Cayuga FAQ
Relating to Other Stream Systems
- Q: There are other stream processing systems referred to as DSMSes, or Stream Databases, including TelegraphCQ from UC Berkeley, STREAM from Stanford University, and Aurora/Borealis from MIT/Brown/Brandeis. How does Cayuga compare to these systems?
- A: Compared to DSMSes, Cayuga falls into the category
of Complex Event Processing (CEP).
In terms of application workload, Cayuga is designed for pattern matching queries. A typical such query is “notify me if event A is followed by event B within T seconds”. Although many (but not all) pattern matching patterns are expressible in DSMSes, the processing efficiency is typically much worse, mainly due to the lack of multi-query Optimization (MQO) strategies in the DSMS engines. For example, Cayuga on a single PC can scale up to hundreds of thousands of concurrently running pattern matching queries, whereas no DSMS implementation currently can scale up to more than a handleful of concurrently running queries. In short, the main distinguishing feature of Cayuga is its scalability.
However there is no free lunch -- there exist queries expressible in DSMSs like STREAM that are not expressible in Cayuga. The idea is that Cayuga occupies a spot between simple pub/sub and the full power of SQL-like queries in DSMSs, and achieves greater expressiveness than pub/sub while retaining most of its advantages in terms of scalability. - Q: The paper Towards Expressive Publish/Subscribe Systems documents Cayuga as "a solution for extended pub/sub applications". Do you see Cayuga being applied more to publish/subscribe settings?
- A: In our opinion pub/sub are CEP are not disjoint streaming domains. Traditional pub/sub refers to stateless query workloads, which are indeed quite different from CEP workloads. However, Cayuga supports stateful pub/sub in a scalable fashion, and the same technology it uses can address CEP workloads very well.

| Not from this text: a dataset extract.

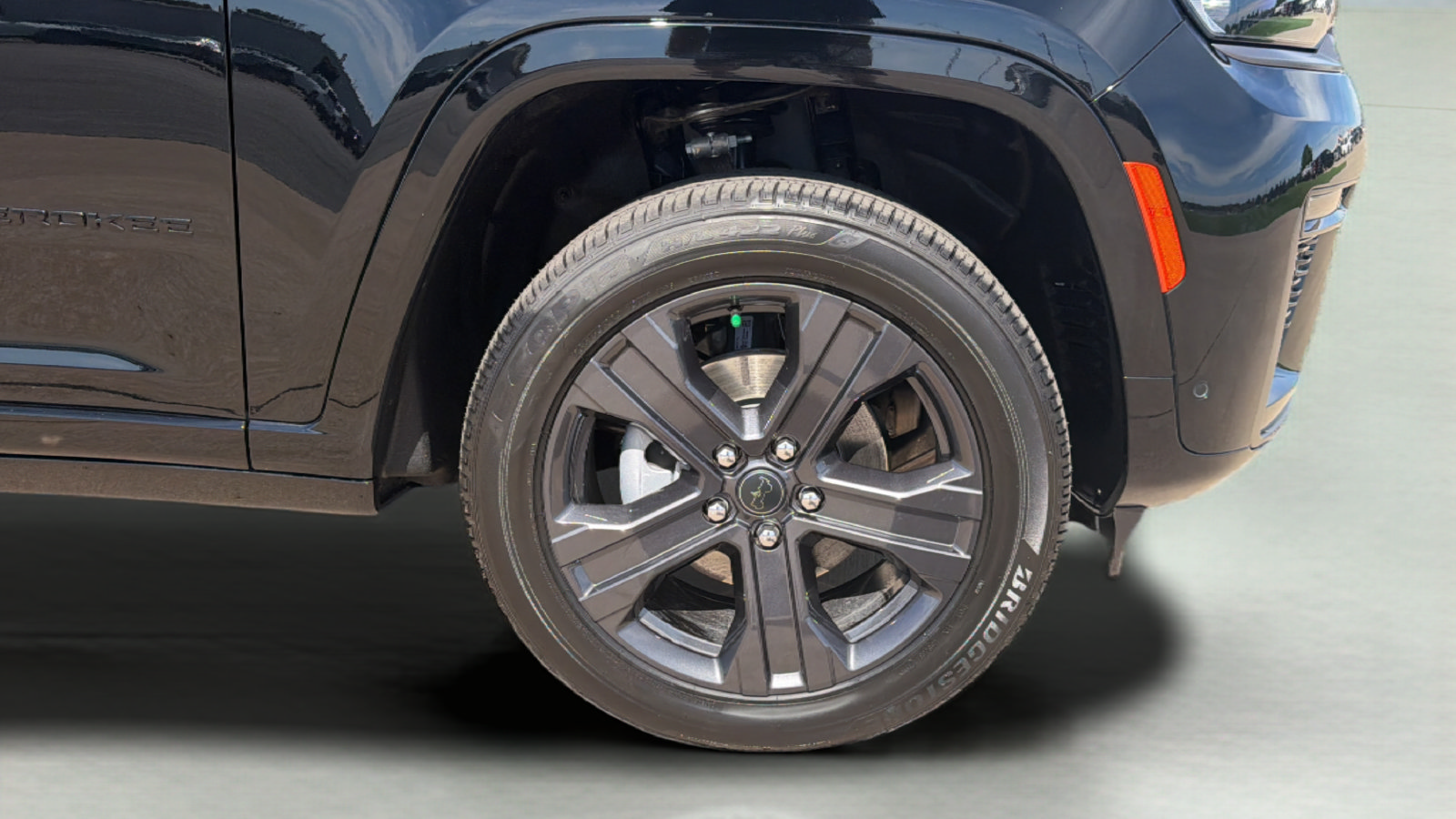 New 2027 Jeep Grand Cherokee Limited AWD/4WD image 29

- Q: Cayuga seems to be closer in spirit to XML filtering. Do you see Cayuga being deployed as the next generation of publish/subscribe filter to allow for stateful filtering instead of the current stateless filtering readily found in pub/sub systems?
- A: Regarding XML stateless pub/sub filtering, the architecture of Cayuga engine is close to a standard XML pub/sub engine, in that both are based on finite state automata. In comparison DSMSes have different engine architectures. However, Cayuga is not designed for XML pub/sub workloads, and there are various existing solutions to XML pub/sub.
- Q: Cayuga uses a processing model based upon nondeterministic finite state automata. Many systems do not use this approach. Are there any performance benefits for using this model over, for example, the box-and-arrows model used in the Aurora system? Is there any reason why two equivalent systems, one using an NFA model and one using a different model, will behave differently after deployment?
- A: The NFA processing model is amenable to MQO techniques, and is the key to the high scalability of Cayuga. When running a single query, the performance difference between the NFA model and another model, say box-and-arrows model, should be negligible. However, when running a million queries, the performance difference will be significant, since unlike the NFA model, it is not well understood how to perform MQO effectively on a box-and-arrow processing model.
Installation
- Q: When I execute the build in Windows, I cannot find xerces dlls.
- A: the DLL files are in the working directory of Cayuga, which is the top-level cayuga-system directory. You could invoke Cayuga executable from that same directory, or set up the working directory option in Visual Studio to that directory, as was described in the user manual.
Deployment
- Q: In field deployments of Cayuga, it might be necessary to change or add new data input schemas and output schemas on the fly. Can this be accomplished with Cayuga? If so, how can tests be performed using the system on available data sets in relational, CSV, plain text/flat file, and TimeML formats?
- A: Currently Cayuga can read stream data from disk files or TCP sockets. In either case there is one single stream data format that Cayuga understands, documented in the user manual. This implies that the user will have to write his own input adapters to read streams of different formats. In the case of reading disk files, the Input adapter/converter can be executed offline to convert the stream data to the disk file format that Cayuga understands. In the case of reading TCP sockets, the input adapter needs to be executed online by reading the input events of a custom format, converting them to the format that Cayuga understands, and sending the converted events to Cayuga via TCP.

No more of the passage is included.